Of course, the handful of Germans were backed by the threat of German military might and the rest of it; yet the numbers tell us that the imposition of totalitarian rule - even during a world war! - can be and was accomplished by "soft" methods...

Presumably some mixture of factors such as effective ideological propaganda, tacit support of the regime, and the calculations of fear and expediency in a situation where "there is no alternative" and "resistance is futile". 


The value of this insight is that most people doubt that we of The West inhabit a totalitarian system of governance, because we do not see the apparatus of violent physical coercion that we have been taught is a necessary feature of such politics. 

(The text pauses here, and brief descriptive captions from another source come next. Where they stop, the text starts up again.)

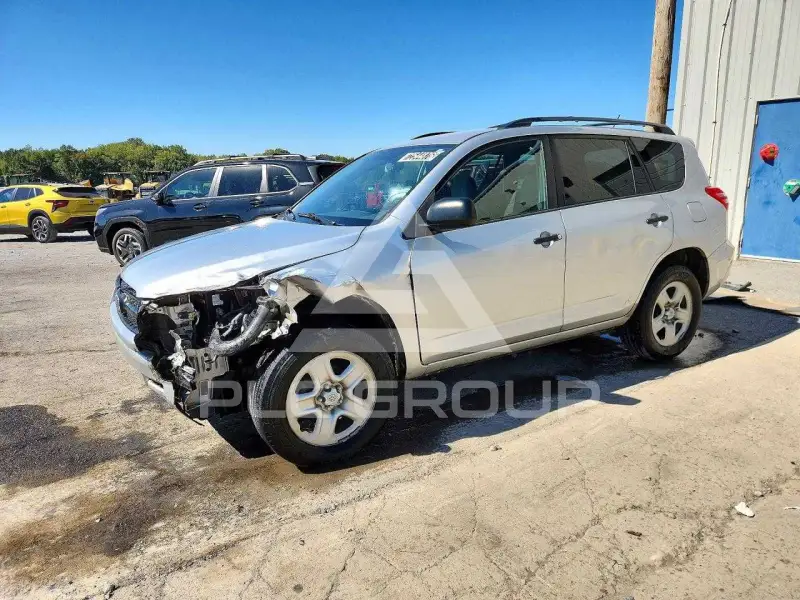2012 Toyota RAV4 фото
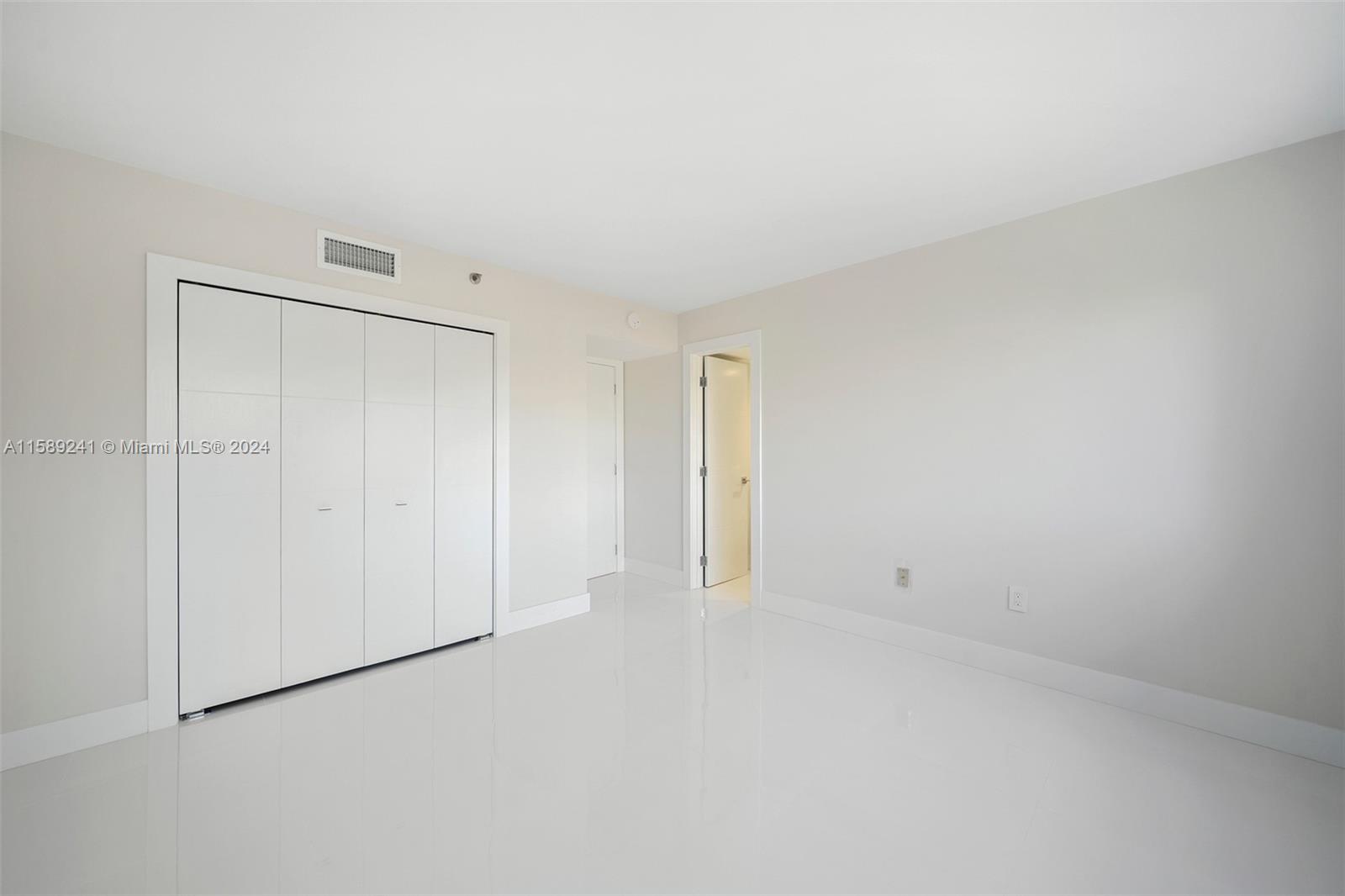 650 Ocean Dr # 4C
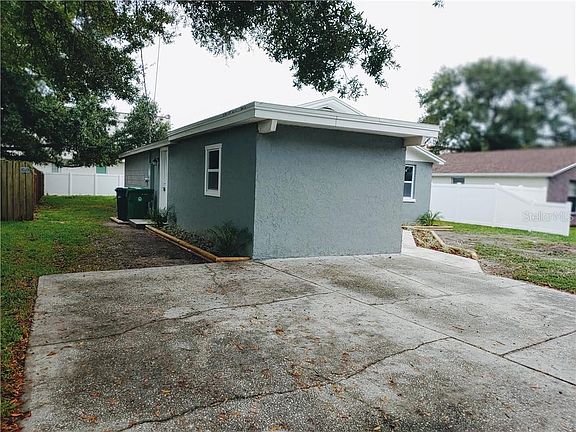 4th image of 3626 Anderson Ave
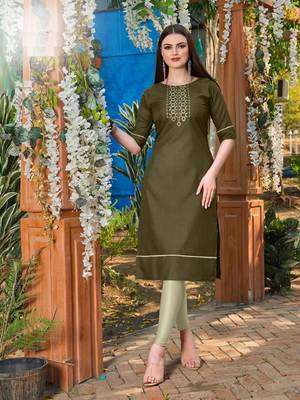 Pink Cotton Stitched Embroideri Kuri For Summer 1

Yet, the example of Denmark proves that rigorous and efficient "soft" totalitarian rule is possible, and effective (at least, for a few years) by a tiny number of alien controllers; combined with the cooperation (or "collaboration") of sufficient natives of the national leadership class, and the tacit consent of the bulk of the remainder.

It also seems to prove that totalitarianism works best when it is "soft" - when it deploys soft-ideas rather than hard-violence. 


How many "outsiders" does it take to rule a UK of 60 million? 

Does it just scale up proportionately to... a couple of thousand aliens? Or are the economies of scale and fewer than 2K aliens are needed. Or do the difficulties multiply exponentially and maybe... tens of thousands are needed? 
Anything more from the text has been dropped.